» **Data supplied**:
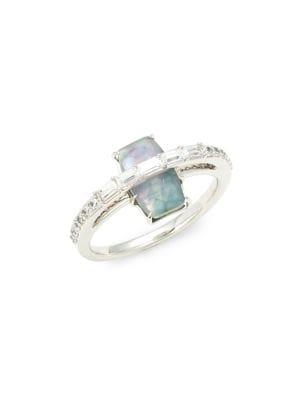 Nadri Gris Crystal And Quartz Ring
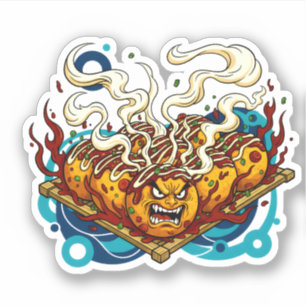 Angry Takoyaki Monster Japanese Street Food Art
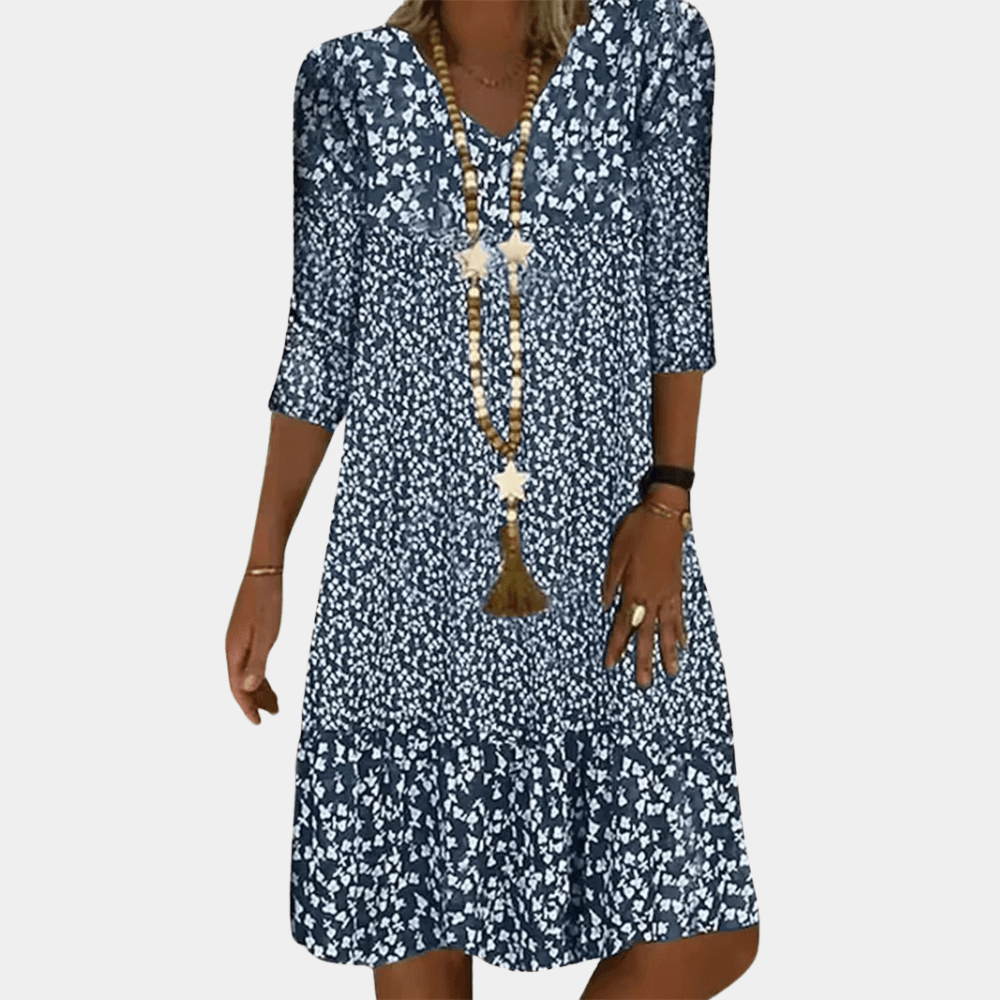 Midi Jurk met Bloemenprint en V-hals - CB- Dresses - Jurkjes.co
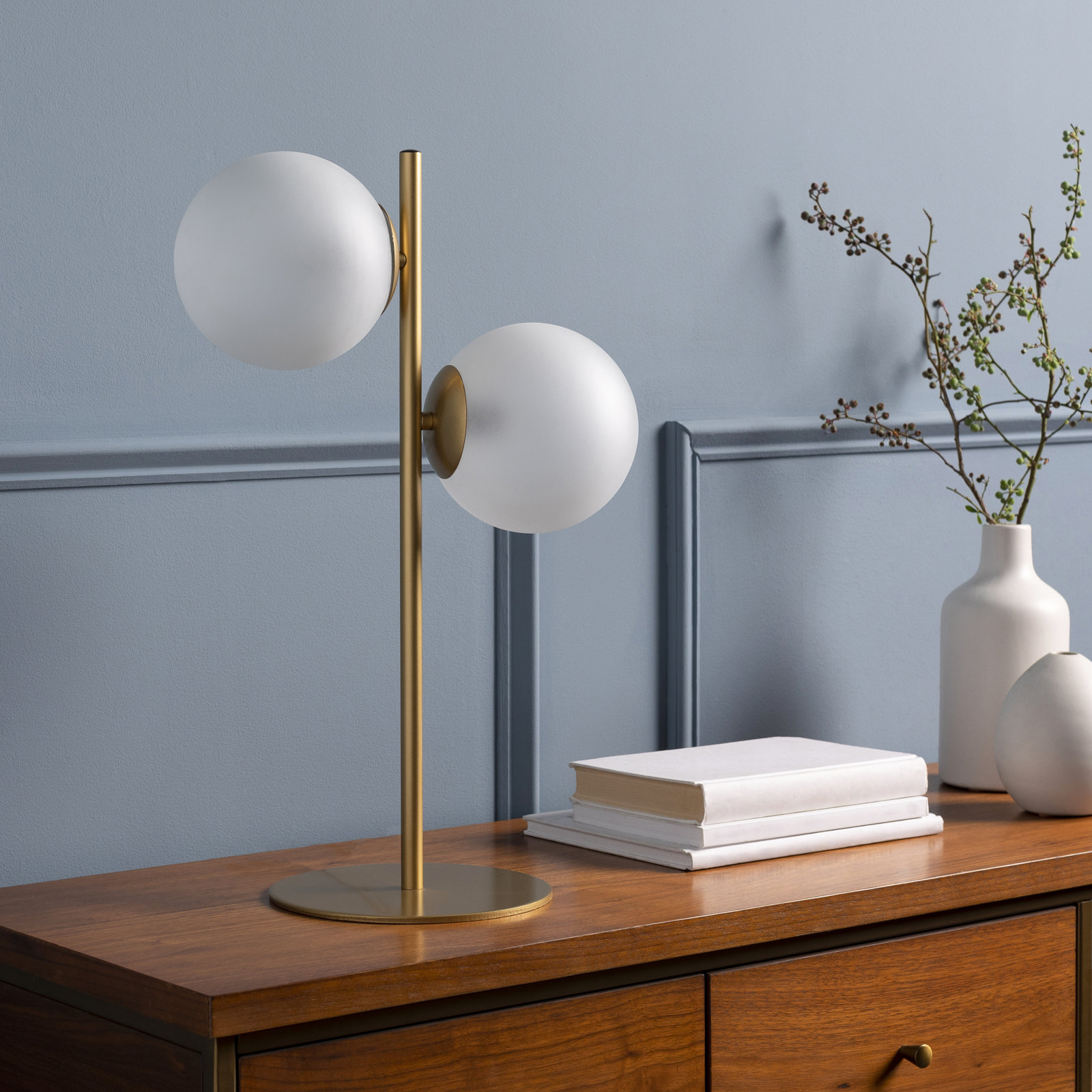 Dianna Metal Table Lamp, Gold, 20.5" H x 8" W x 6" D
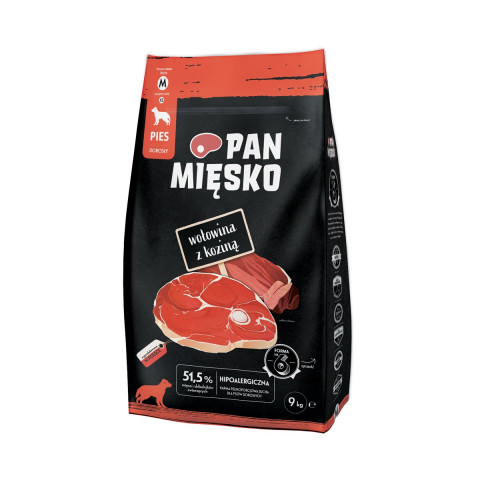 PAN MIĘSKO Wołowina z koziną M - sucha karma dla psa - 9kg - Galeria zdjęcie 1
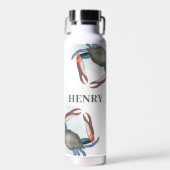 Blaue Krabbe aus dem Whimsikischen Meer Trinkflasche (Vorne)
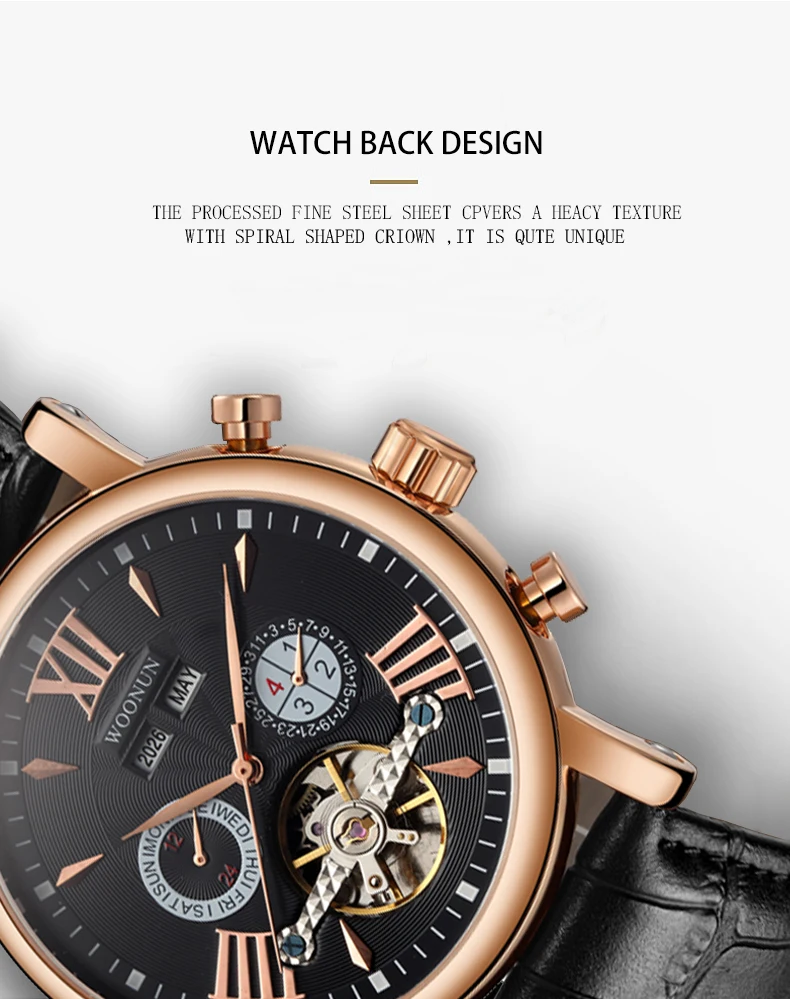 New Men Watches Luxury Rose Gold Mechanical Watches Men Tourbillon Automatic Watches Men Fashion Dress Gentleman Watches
* * *
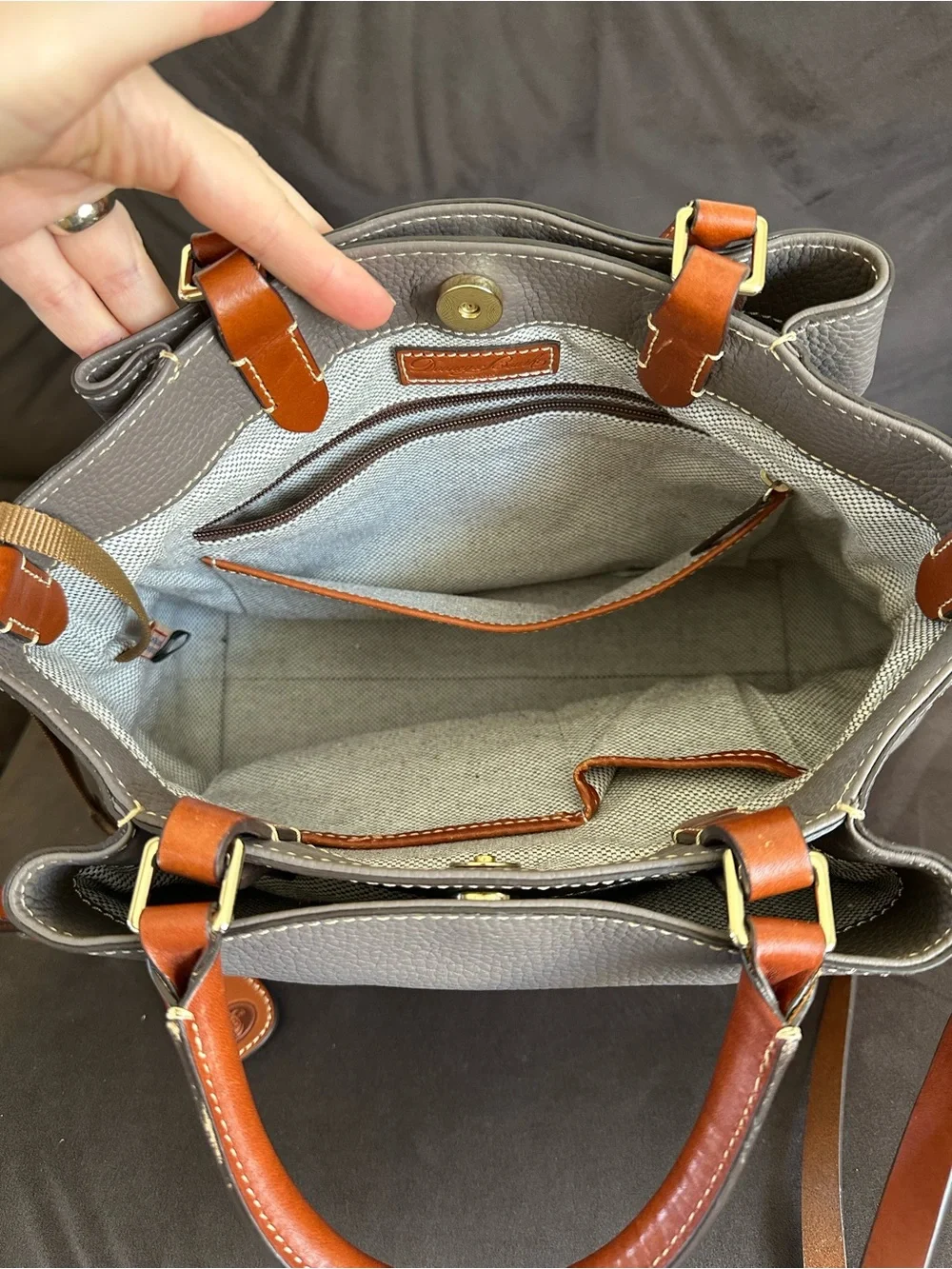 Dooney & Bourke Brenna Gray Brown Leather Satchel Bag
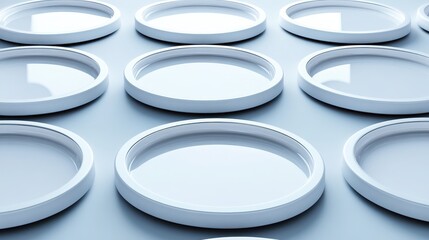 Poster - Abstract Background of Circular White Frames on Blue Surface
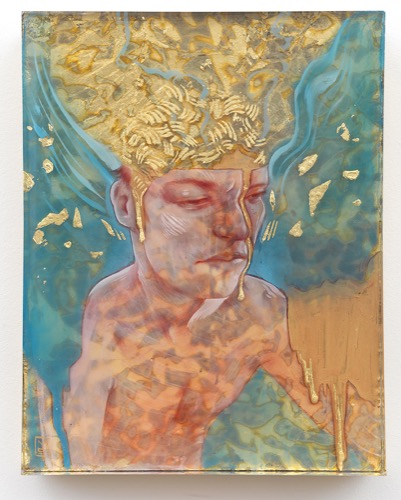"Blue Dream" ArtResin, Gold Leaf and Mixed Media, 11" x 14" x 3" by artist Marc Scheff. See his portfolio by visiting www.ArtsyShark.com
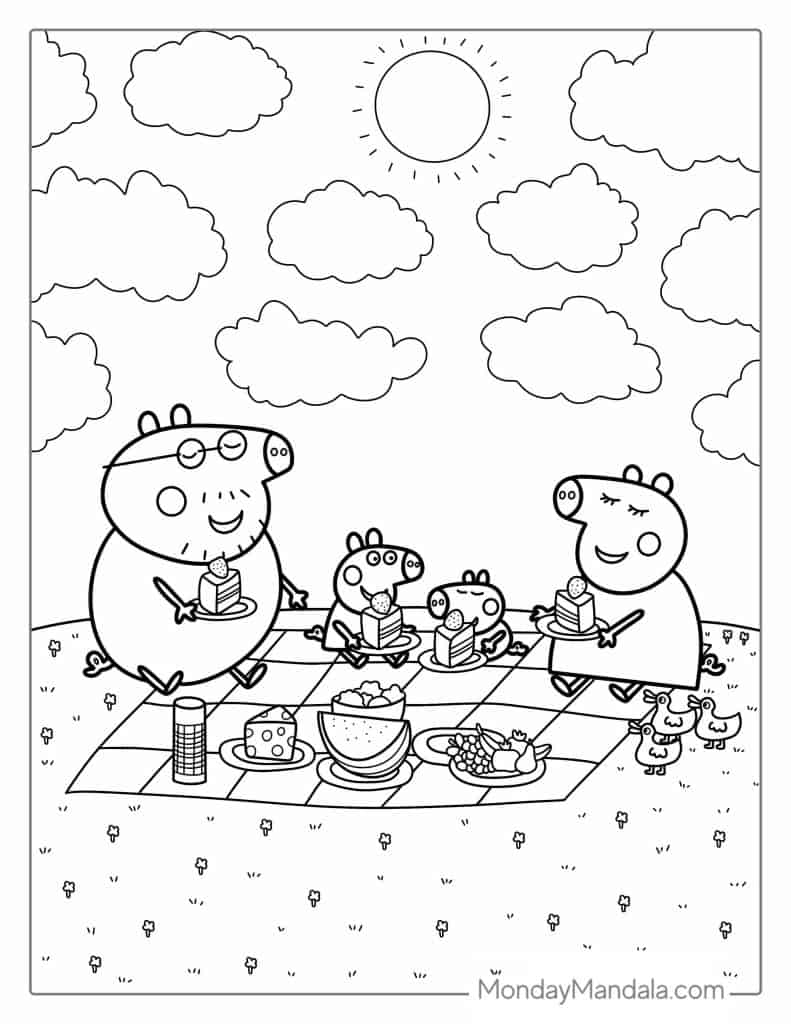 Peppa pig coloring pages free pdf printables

» **Problem to work on**:
Reproduce, word for word, everything in the listing above from the line containing "Nadri Gris Crystal And Quartz Ring" down to the line containing "New Men Watches", both of them included. No pictures.

» **Solution to this exercise**:
 Nadri Gris Crystal And Quartz Ring
 Angry Takoyaki Monster Japanese Street Food Art
 Midi Jurk met Bloemenprint en V-hals - CB- Dresses - Jurkjes.co
 Dianna Metal Table Lamp, Gold, 20.5" H x 8" W x 6" D
 PAN MIĘSKO Wołowina z koziną M - sucha karma dla psa - 9kg - Galeria zdjęcie 1
 Blaue Krabbe aus dem Whimsikischen Meer Trinkflasche (Vorne)
 New Men Watches Luxury Rose Gold Mechanical Watches Men Tourbillon Automatic Watches Men Fashion Dress Gentleman Watches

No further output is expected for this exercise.